In general, in C, typecasts are dangerous. You're overruling the compiler's type system, and saying: "look here, Mr Compiler, I'm the programmer, and I know better than you what I have here. So, you just be quiet and make this happen." Casting from a pointer to a non-pointer type is almost universally wrong. Casting between pointer types is more often wrong than not.
I'd suggest checking out some of the "Related" links down this page to find a good overview of how C types an pointers work, in general. Sometimes it takes reading over a few to really get a grasp on how this stuff goes together.

(unsigned short)res
is a cast on a pointer, res is a memory address, by casting it to an unsigned short, you get the address value as an unsigned short instead of hexadecimal value, to be sure that you are going to get a correct value you can print
*(unsigned short*)res
The first cast (unsigned short*)res makes a cast on void* pointer to a pointer on unsigned short.

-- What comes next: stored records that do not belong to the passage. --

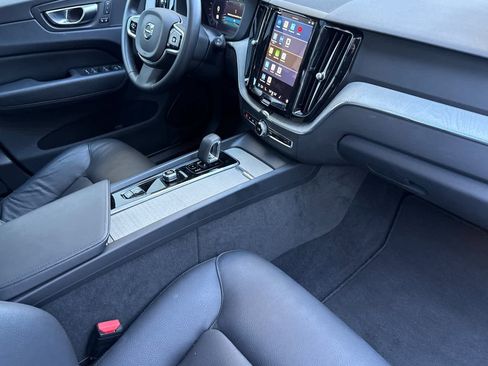 Used 2025 Volvo XC60 B5 Plus image 17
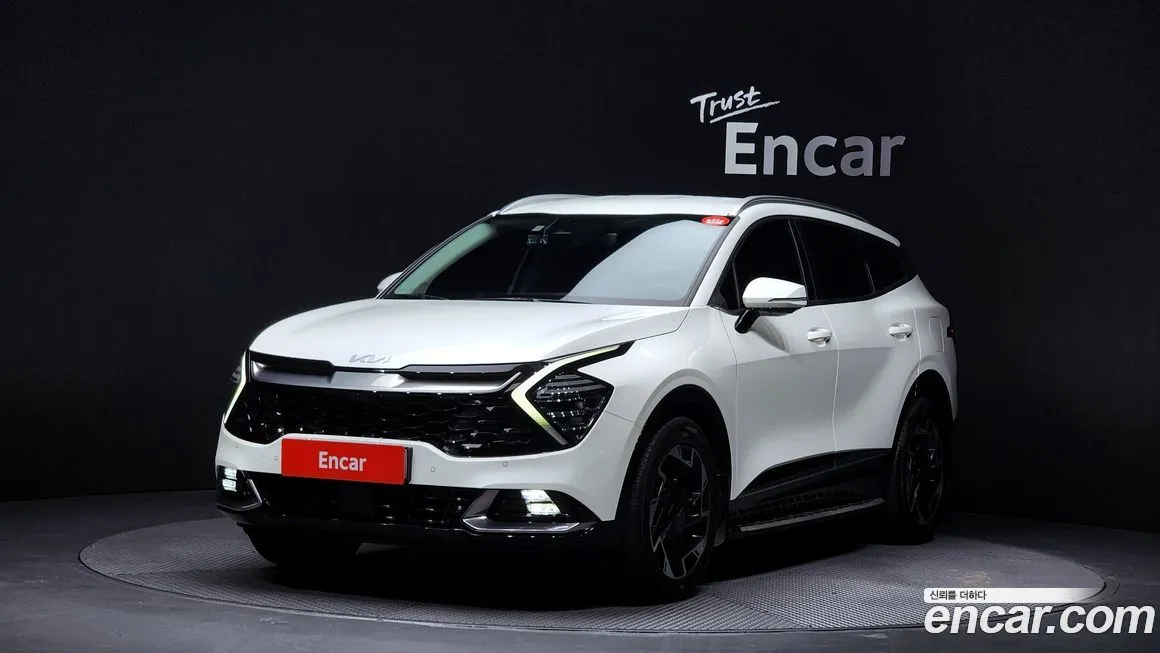 Kia Sportage — фото 1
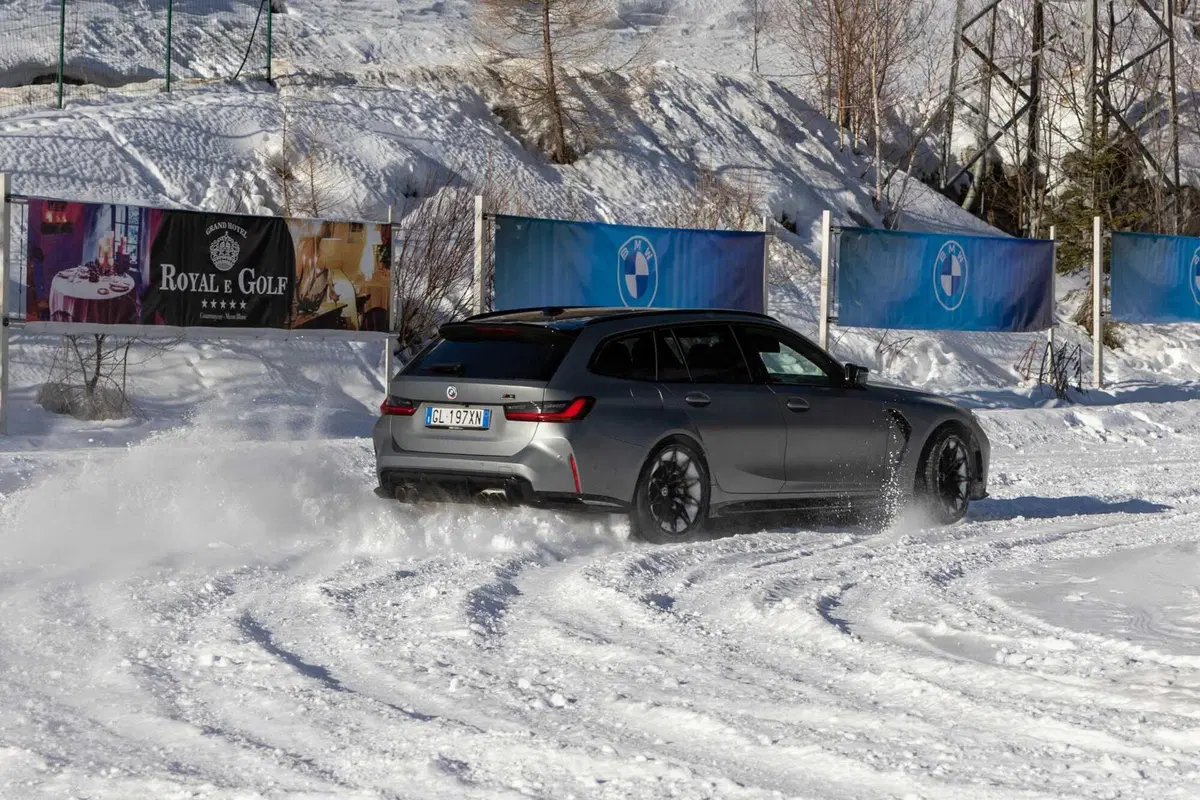 BMW M3 Touring (2023) - Prova su neve (4)
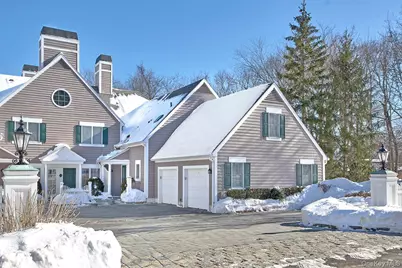 5 Wyndham Close, White Plains, NY 10605 - Photo 1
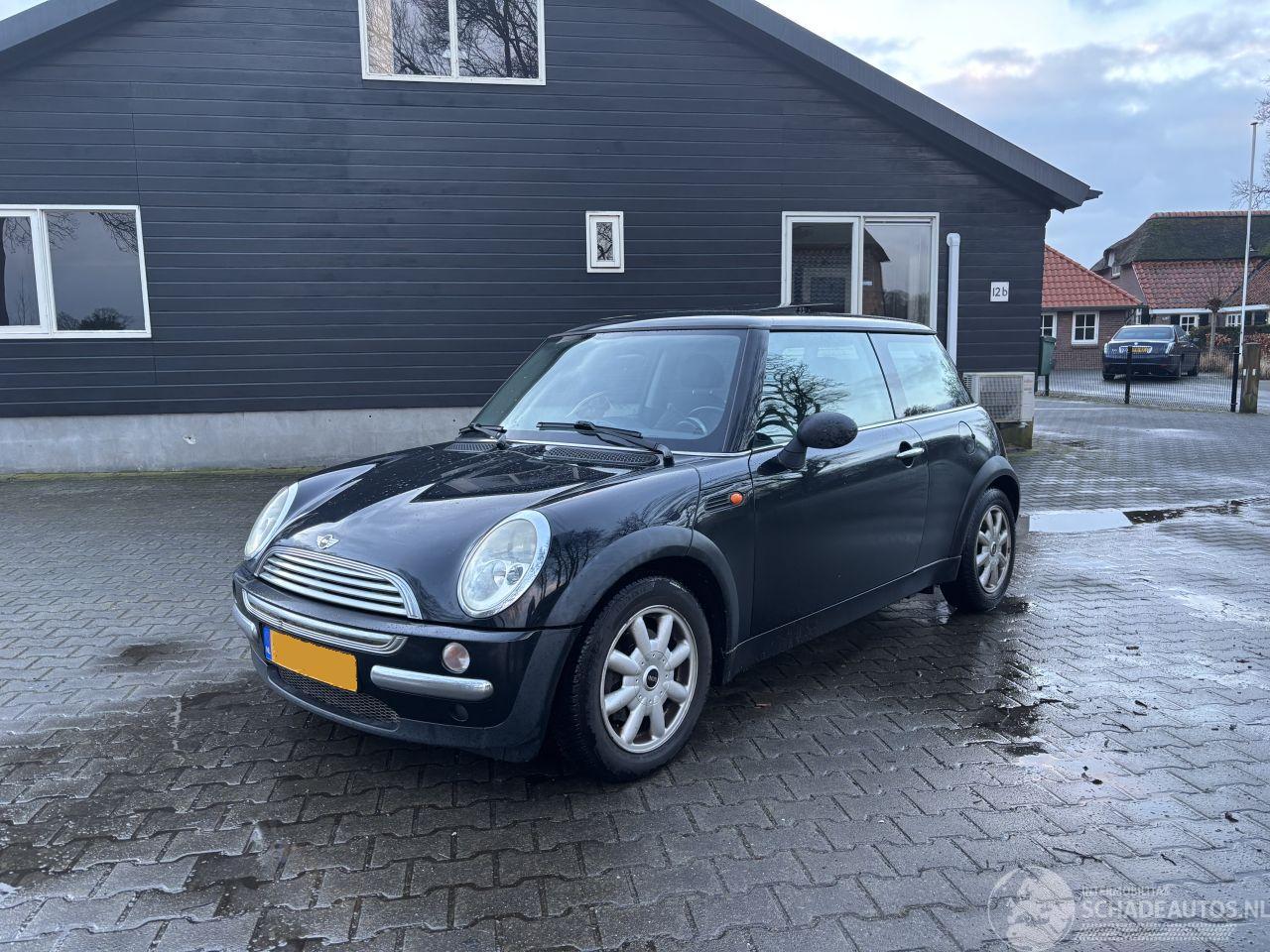 Mini One 1.6 Pano Airco Elec pakket Lmv B.J 2003 2 eigenaar geen schade
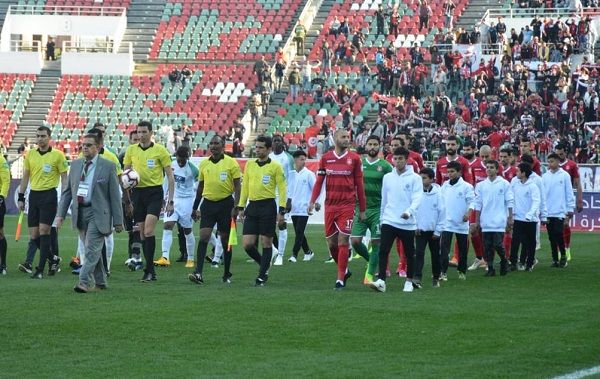 ياسين الشيخاوي يتقدم لاعبي فريقه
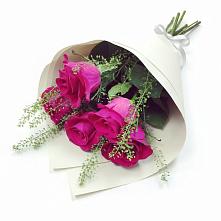 Букет цветов из:  Розы в Азово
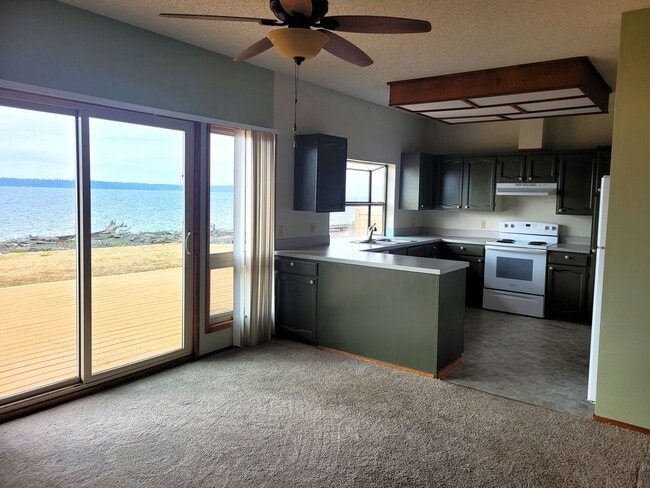 Building Photo - 5507 Haida Way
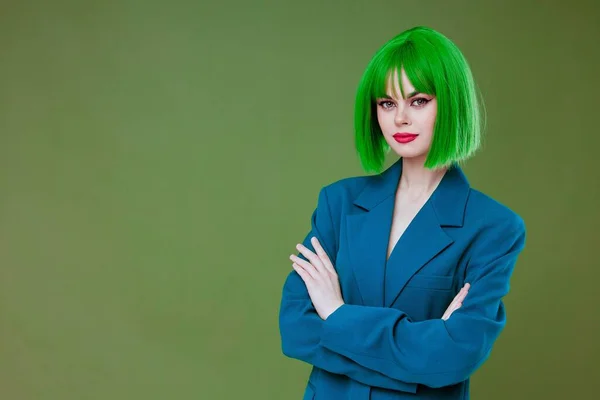 Όμορφη νεαρή γυναίκα Glamor πράσινο περούκα κόκκινα χείλη μπλε σακάκι πράσινο φόντο αμετάβλητη — Φωτογραφία Αρχείου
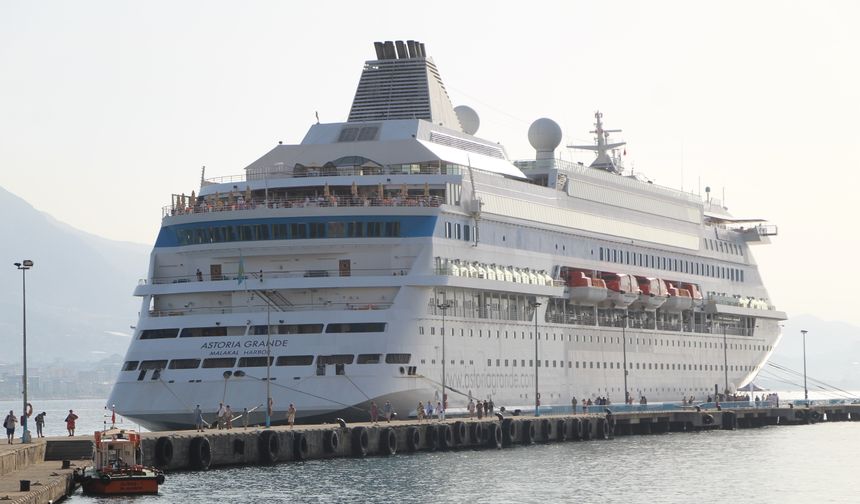 Palau bayraklı kruvaziyer 'Astoria Grande' Alanya Limanı'na demirledi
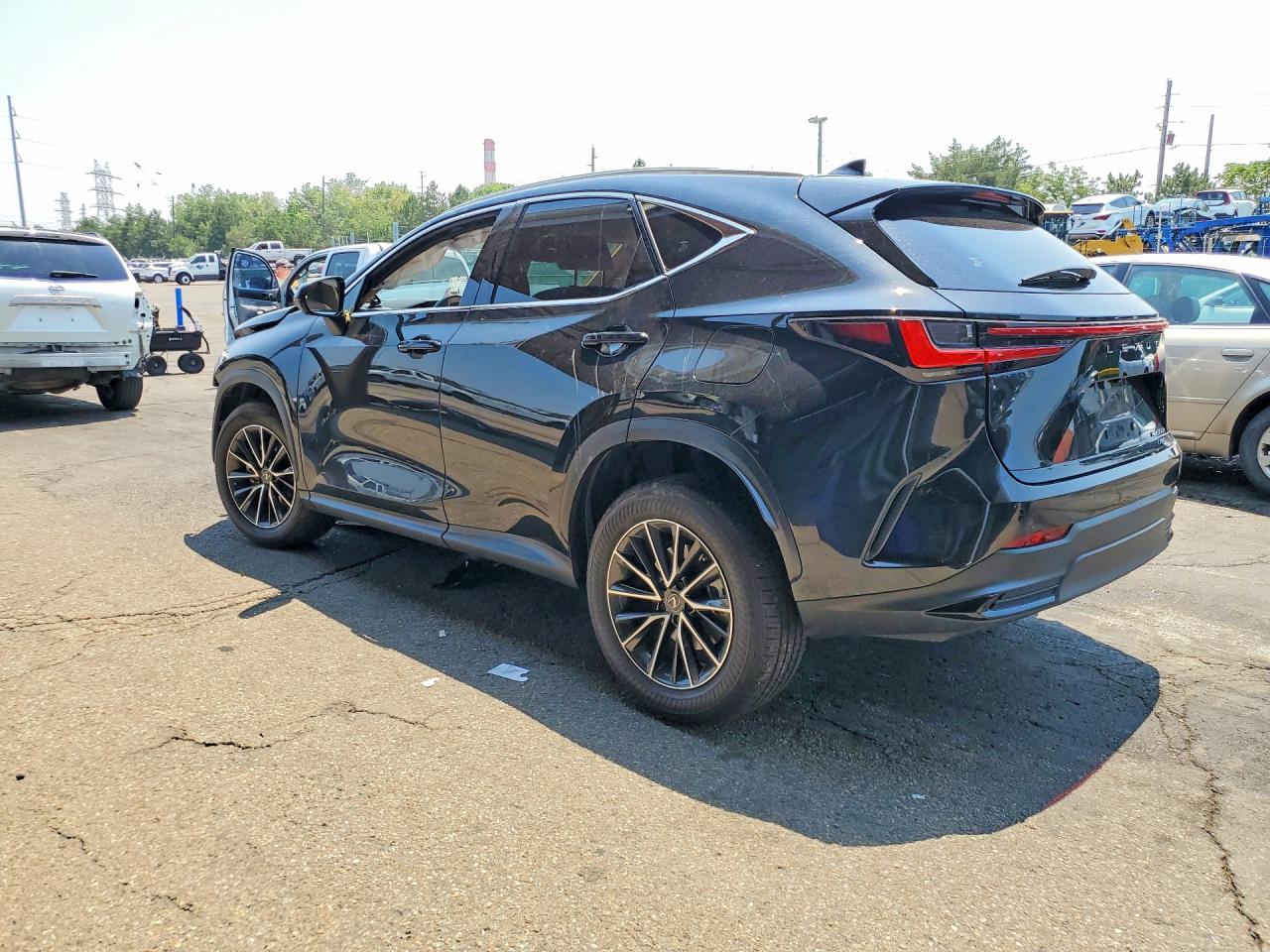 2025 LEXUS NX 350H PREMIUM — снимка 2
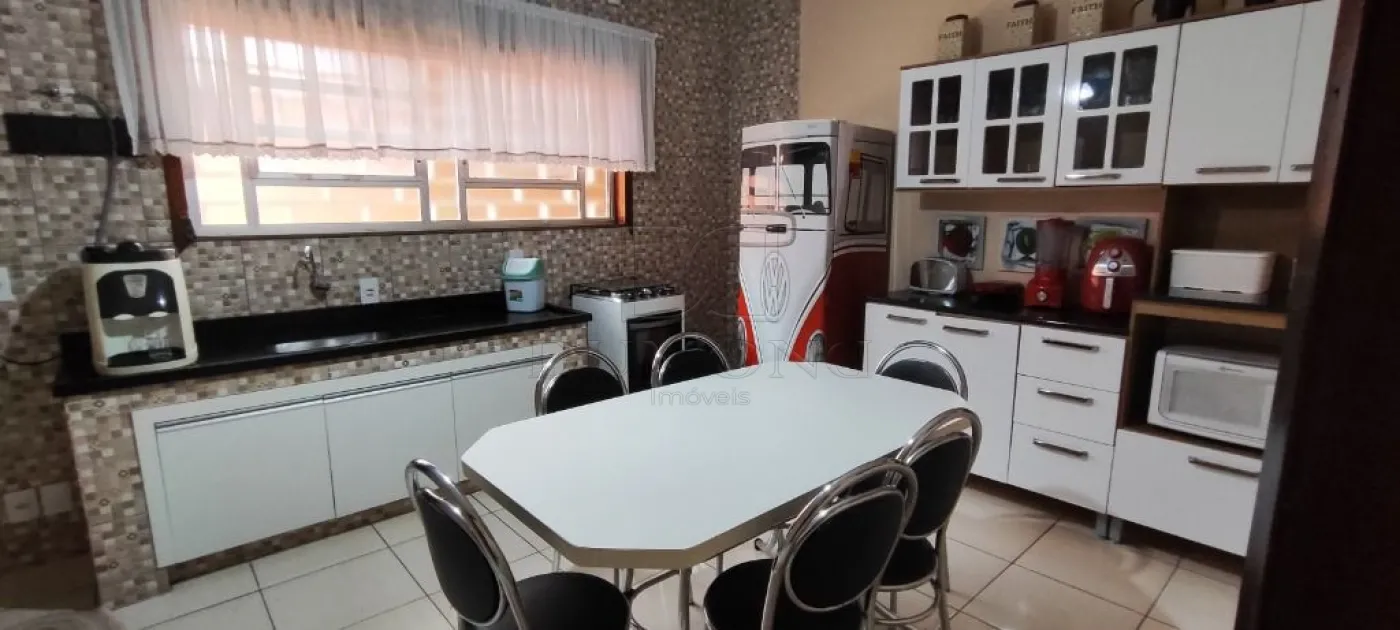Casa com 5 dormitórios à venda com 235 m² por R$ 5.200.000 no Centro em Foz do Iguaçu/PR - 396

You can then extract the value inside the memory address res is pointing to by dereferencing it using the *

If you have a void pointer ptr that you know points to an int, in order to access to that int write:
int i = *(int*)ptr;
That is, first cast it to a pointer-to-int with cast operator (int*) and then dereference it to get the pointed-to value.
You are casting the pointer directly to a value type, and although the compiler will happily do it, that's not probably what you want.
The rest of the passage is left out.